V.I. Warshawski, former public defender turned private investigator, is on the job again. This time her help is unsolicited: Vi’s dogs lead her to a young girl badly dehydrated, in a cave of rocks on a bank near a Chicago lake. Jane Doe is taken to a hospital and later escapes when threatened by a henchman for a shady Chicago developer. Vi tracks the girl to an old tender house near a bridge, and learns her story: her uncle has sent her grandmother, whom she lived with, to a memory care unit in a nursing home in order to sell the grandmother’s house to developers for millions. Vi has to outwit an abusive corrupt cop, and his brutal killer friend in order to rescue the young girl Julia’s grandmother, and make their world safe again. Sara Paretsky is an stellar mystery author, and is only one of four living writers to have received both the Grand Master Award from the Mystery Writers of America and the Cartier Diamond Dagger from the Crime Writers’ Association of Great Britain. I highly recommend her novels.
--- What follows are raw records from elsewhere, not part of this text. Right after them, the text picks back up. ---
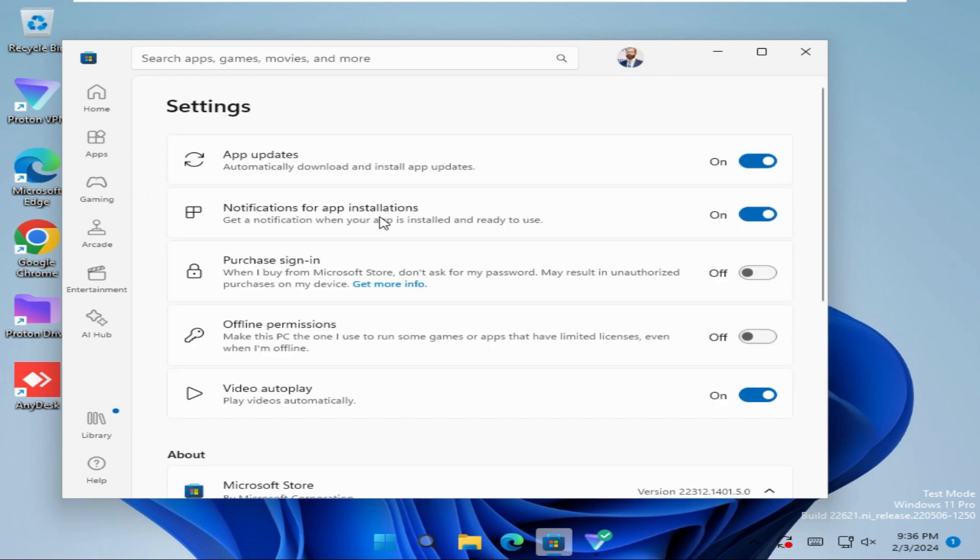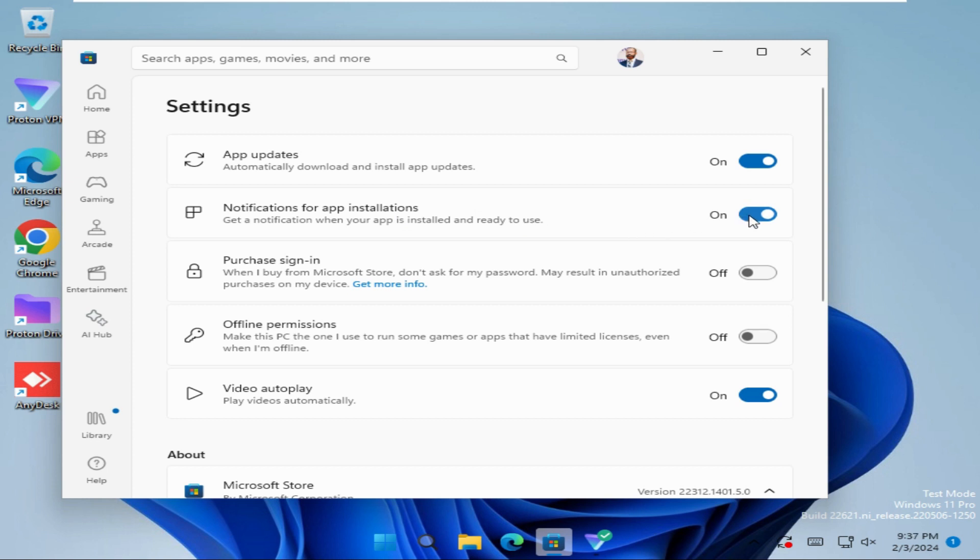You will find the second option, notifications for app installation, and by default it's turned on. Just click here to turn it off. Now notifications for app installation in Microsoft Store is turned off.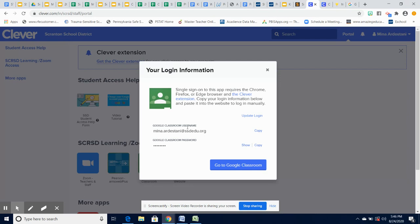It's important that when you change your child's username and password that you write it down and put it in a safe place. Please discuss with your children the importance of keeping their passwords private.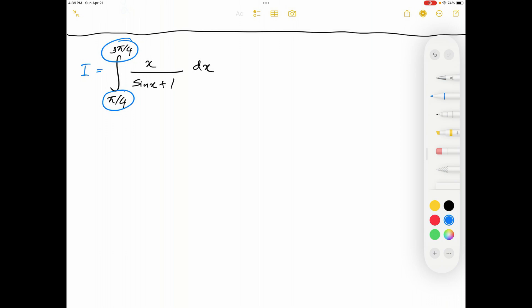According to the theorem, all the x's must be replaced by the lower limit plus the upper limit minus x. Since pi over 4 plus 3 pi over 4 simplifies to pi, all of these x's should be replaced by pi minus x.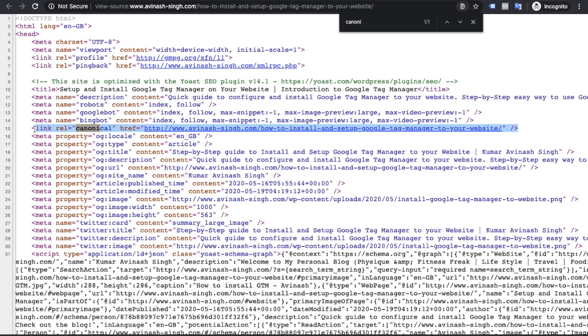So you can easily add canonical tag in your website whether it's designed in WordPress or any other HTML, you can easily implement. Please leave a message in comment below and let me know about your experience. Thank you so much for watching my video.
Death of An Eye: An Eye of Isis Mystery

Dana Stabenow is well known for her Kate Shugak mystery series, but this title is first in a series set in Alexandria, Egypt in 45 BC, during Cleopatra VII’s reign. Her Eye, or agent, has just been murdered while tracking a lost shipment of new bronze coins commissioned by the Queen. Cleopatra chooses her childhood friend, Tetisheri, to become the new Eye, and tasks her with finding both the murderer and the lost shipment of coin. Tetisheri is aided by Apolloduros, the queen’s personal bodyguard. Stabenow paints a vivid portrait of the indignities suffered by women during that time, especially slave women. I found both this title and its sequel, Disappearance of a Scribe, to be very satisfying reads. Recommended especially for fans of historical fiction.

Murder at Ochre Court

Alyssa Maxwell has written quite a few titles in the Gilded Newport Mystery series; this title is # 6. Emma Cross is a society news reporter in 1898 Newport, and a good example of the difficulties faced by women in the work force at the early 20th century. It was hard to be taken seriously as a professional woman. Men felt that women were too fragile to report hard news, thus Emma was reduced to covering the society pages. But she does manage to solve murders quite well. In this novel she has a few to figure out… Recommended for historical mystery fans.

Give Unto Others

It’s hard to believe that Donna Leon’s latest mystery is #31 in her series about Commissario Guido Brunetti. I think I have read most of them, and this one is just as intriguing. A woman whom Brunetti knew growing up, comes to see him about a personal matter. Brunetti has a few of his associates look into the matter, and before he realizes it, they all become embroiled in a complicated case of tax fraud. For anyone who has been to Venice, it feels like you are back there, with Leon’s descriptive tone and Venetian characters. Her fans will be happy to see this latest offering in libraries…

The Judge’s List

Lacy Stoltz is back in John Grisham’s latest novel, which is a follow-up to The Whistler. She is still an investigator for the Florida Board on Judicial Conduct, and this time, Lacy is approached by a client in fear for her life, if she reveals what she knows about a corrupt judge. Spoiler alert: this time it involves murder. I’d rather not read about serial killers, but was too far into the novel to stop reading. It’s fast-paced, well-written, and definitely one of those books you can’t put down…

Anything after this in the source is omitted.